▸ **WORK ITEM**
The part below that opens with the line containing "That's the flatlock" and closes with the line containing "Looks really good" should be copied exactly, minus any pictures.

▸ **MATERIAL PROVIDED**

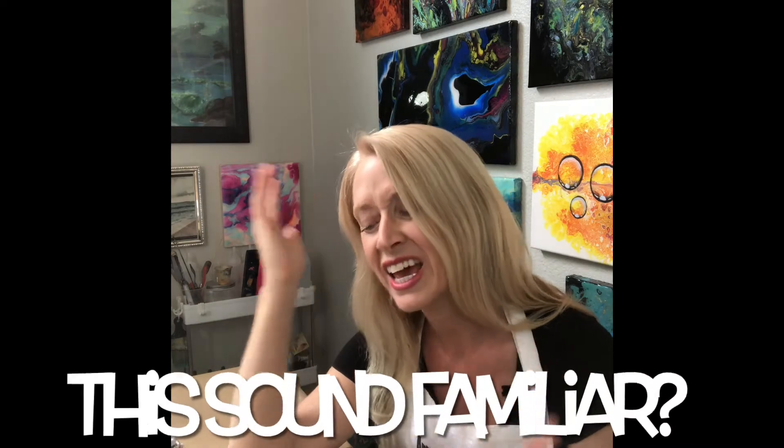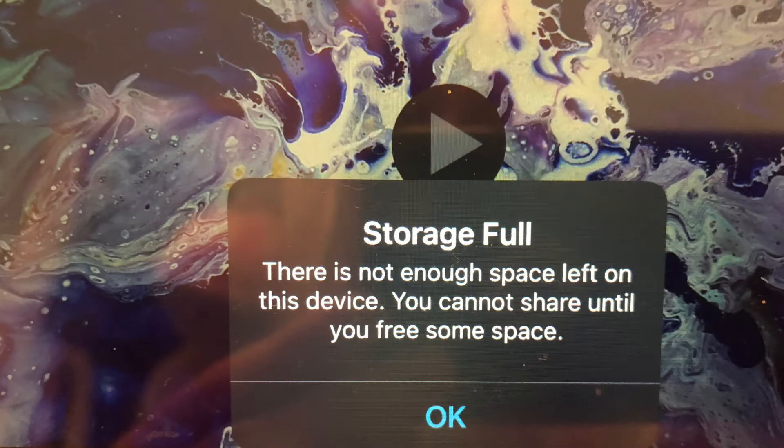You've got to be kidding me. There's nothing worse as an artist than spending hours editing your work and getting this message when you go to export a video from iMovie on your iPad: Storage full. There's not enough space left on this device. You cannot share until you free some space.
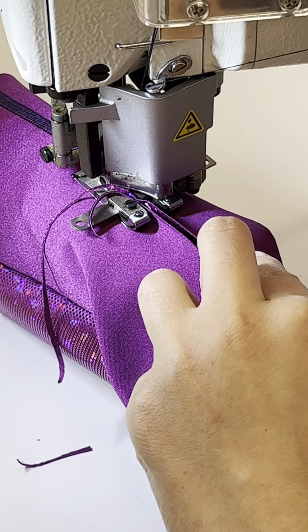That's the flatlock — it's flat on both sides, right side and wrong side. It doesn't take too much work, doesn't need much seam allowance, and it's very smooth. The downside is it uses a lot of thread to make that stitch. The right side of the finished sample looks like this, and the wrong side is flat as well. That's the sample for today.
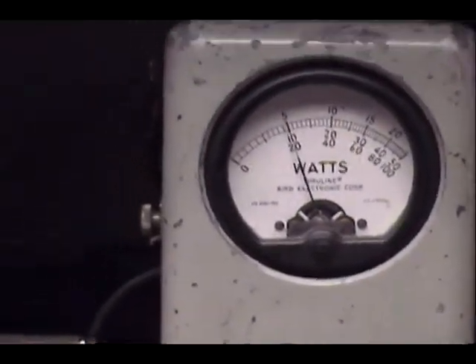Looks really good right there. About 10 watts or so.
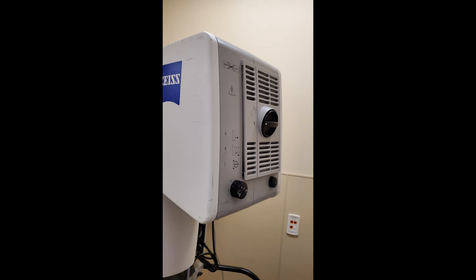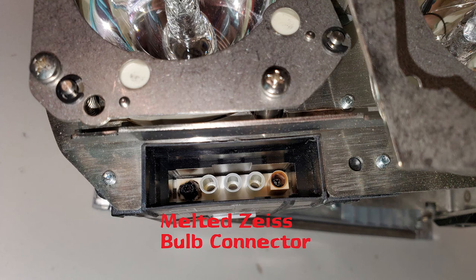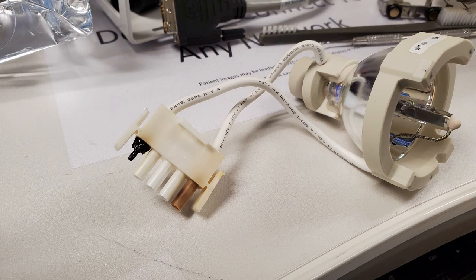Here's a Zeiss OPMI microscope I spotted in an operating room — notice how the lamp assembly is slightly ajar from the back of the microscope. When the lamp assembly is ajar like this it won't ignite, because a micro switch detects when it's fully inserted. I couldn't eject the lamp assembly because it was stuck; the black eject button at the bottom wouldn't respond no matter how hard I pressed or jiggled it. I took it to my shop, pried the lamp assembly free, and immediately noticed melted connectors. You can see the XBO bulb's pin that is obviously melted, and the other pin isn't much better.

▸ **TASK SOLUTION**
That's the flatlock — it's flat on both sides, right side and wrong side. It doesn't take too much work, doesn't need much seam allowance, and it's very smooth. The downside is it uses a lot of thread to make that stitch. The right side of the finished sample looks like this, and the wrong side is flat as well. That's the sample for today.
Looks really good right there. About 10 watts or so.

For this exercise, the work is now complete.